== Segment start ==

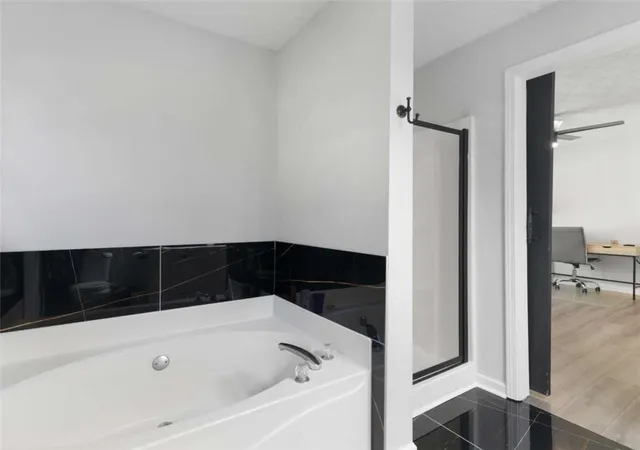 Photo 4 of Single family home for sale at 409 Coosa Ct, Mcdonough, GA 30252 | MLS# 7836248 | Listing updated on 2026-09-12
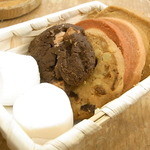 ステラおばさんのクッキー - マシュマロ２個　お好きなクッキー５枚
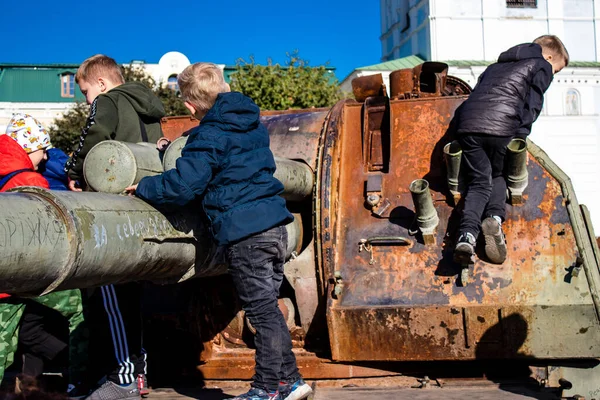 Ukrayna, Kyiv 'deki Mykhailivska Meydanı' ndaki imha edilmiş Rus askeri teçhizatı sergisinde, 16 Ekim 2022 Ukraynalı çocuklar imha edilmiş Rus askeri teçhizatıyla eğleniyorlar, burayı oyun alanı olarak kullanıyorlar.. 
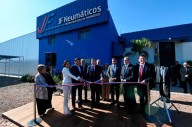 Con la presencia del gobernador Zamora fue inaugurada la nueva planta de la firma JF Neumáticos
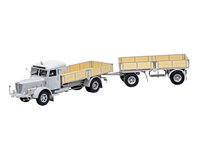 Revell 07580 B&uuml;ssing 8000 S 13 mit Trailer 1/24
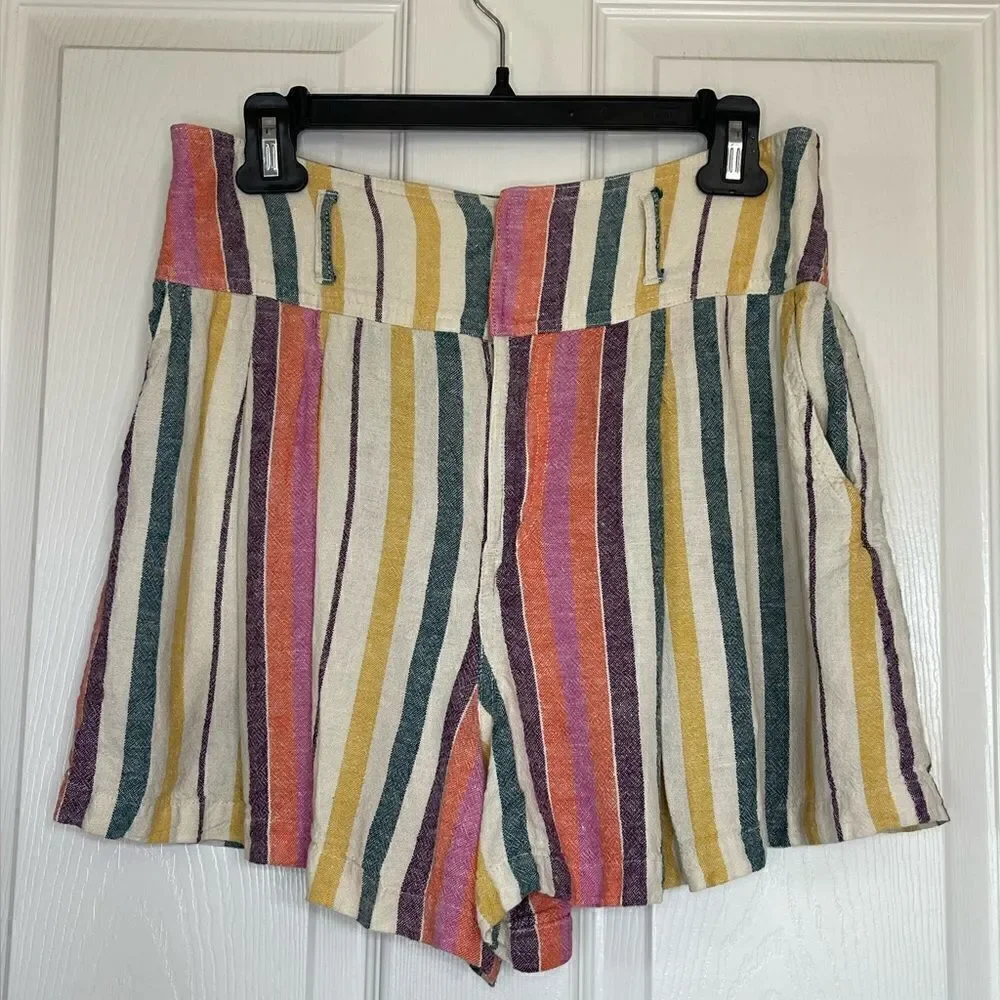 BP. Linen blend high waist striped shorts size M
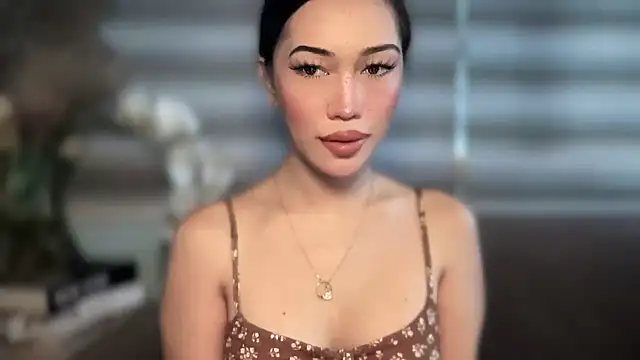 Jasmine Elcock online show from October 10, 5:08 am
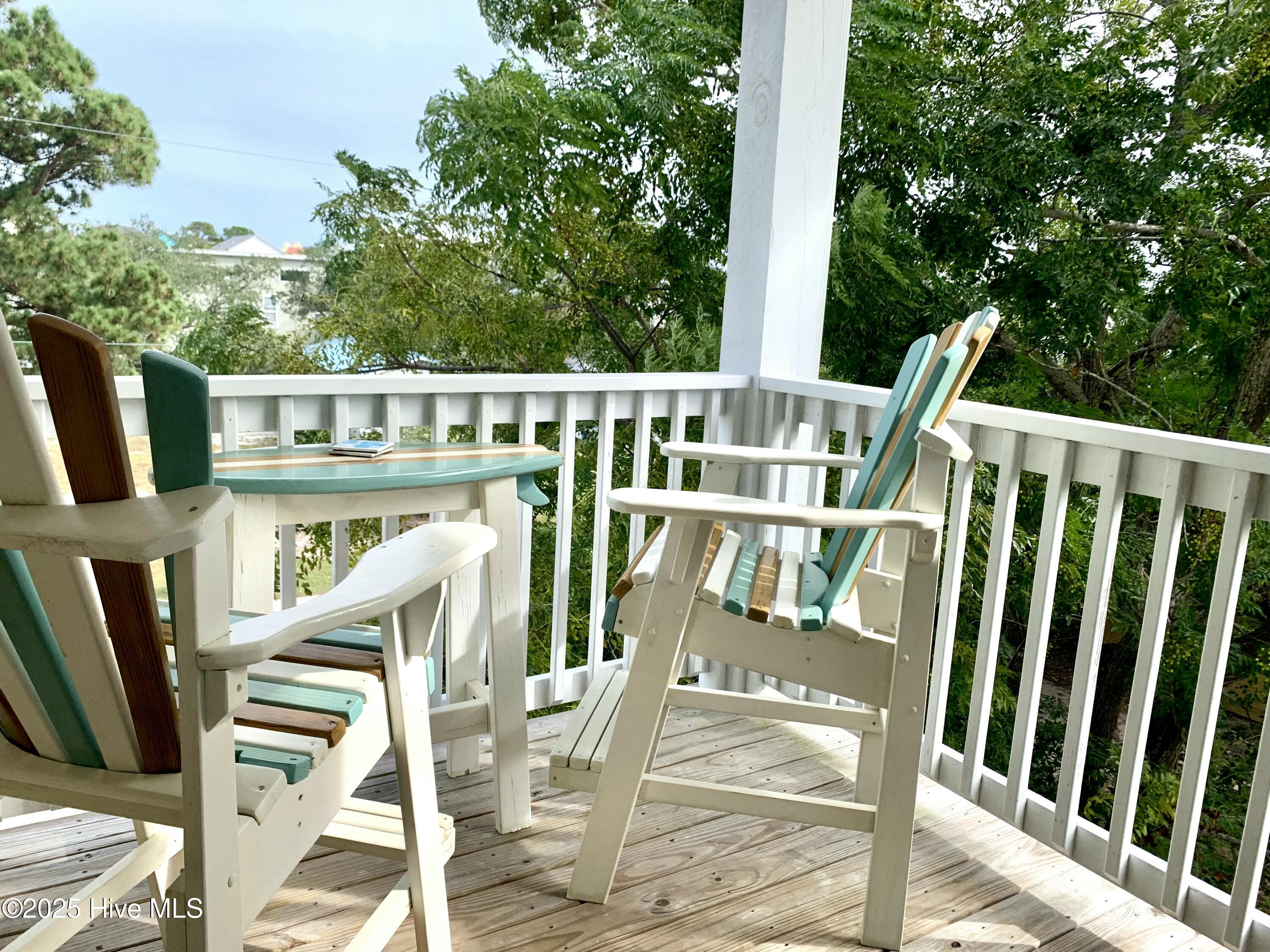 100536015 | Photo 35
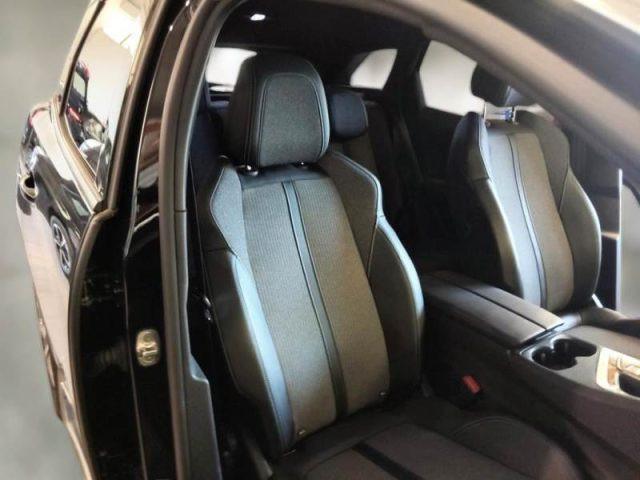 PEUGEOT 3008 BlueHDi 130 S&S EAT8 Allure Pack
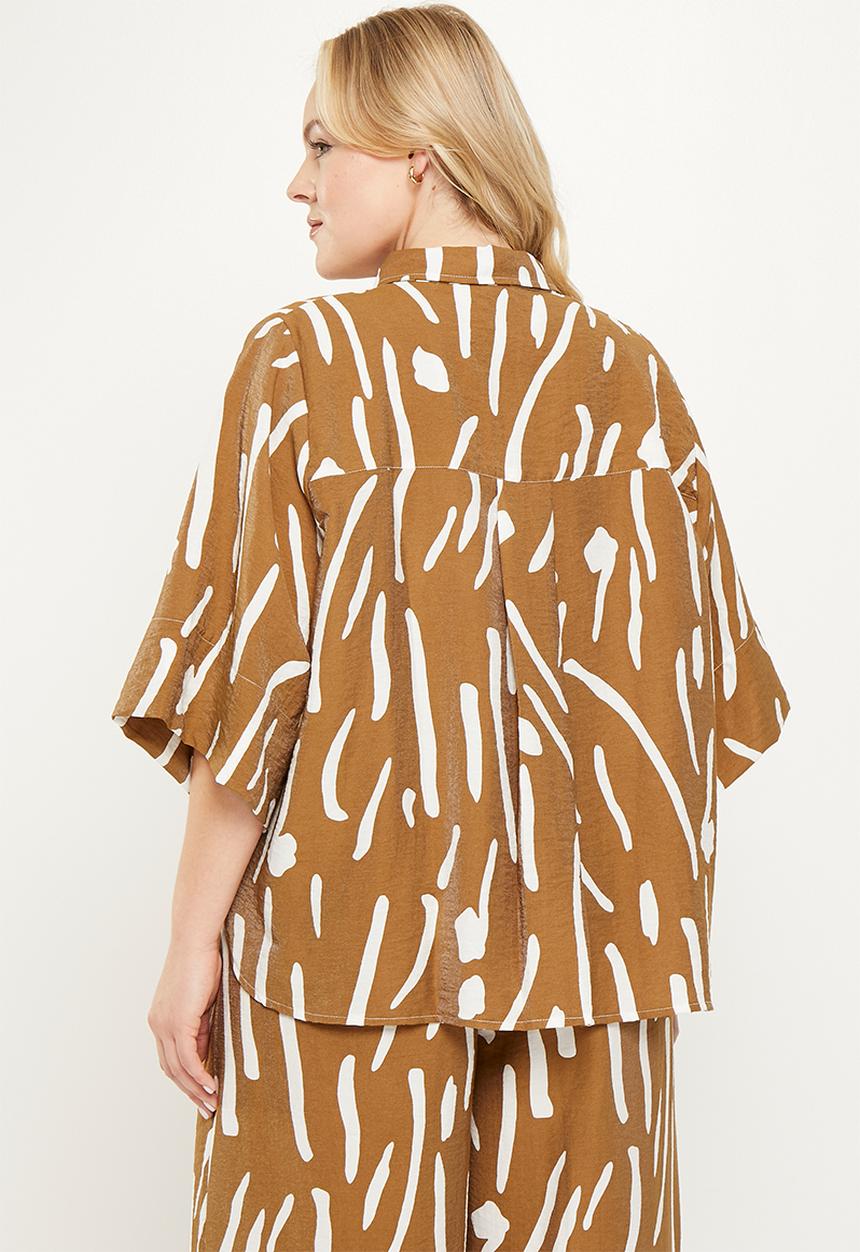 Me&B - Plus viscose boxy shirt with kimono sleeve - kalahari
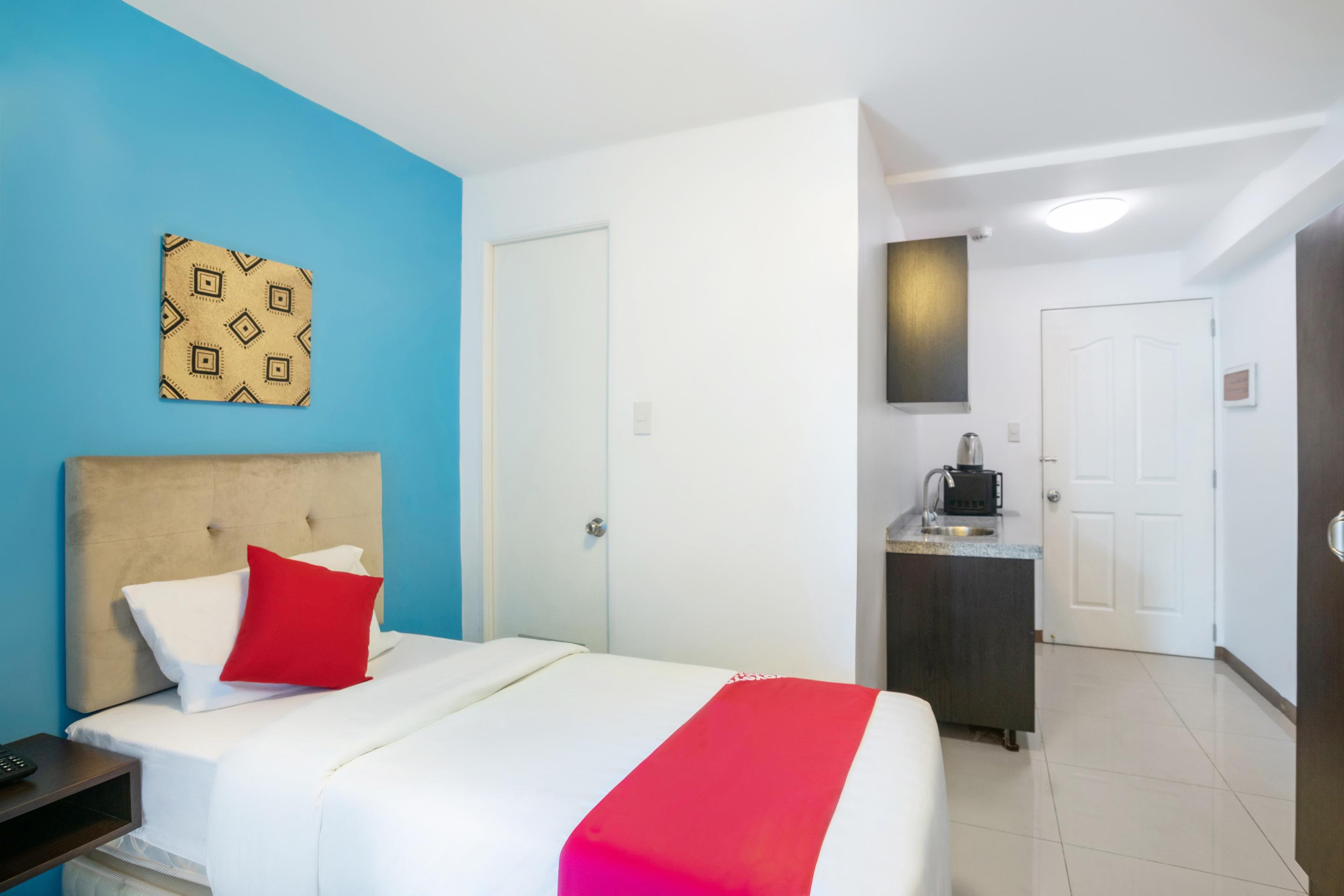 Melbourne Suites Makati City Екстериор снимка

== Segment end ==

Task item: Out of the records above, set down only the lines from the one that contains "Ukrayna, Kyiv 'deki" through the one that contains "100536015 | Photo 35", unchanged and without the pictures.

Exercise response:
 Ukrayna, Kyiv 'deki Mykhailivska Meydanı' ndaki imha edilmiş Rus askeri teçhizatı sergisinde, 16 Ekim 2022 Ukraynalı çocuklar imha edilmiş Rus askeri teçhizatıyla eğleniyorlar, burayı oyun alanı olarak kullanıyorlar.. 
 Con la presencia del gobernador Zamora fue inaugurada la nueva planta de la firma JF Neumáticos
 Revell 07580 B&uuml;ssing 8000 S 13 mit Trailer 1/24
 BP. Linen blend high waist striped shorts size M
 Jasmine Elcock online show from October 10, 5:08 am
 100536015 | Photo 35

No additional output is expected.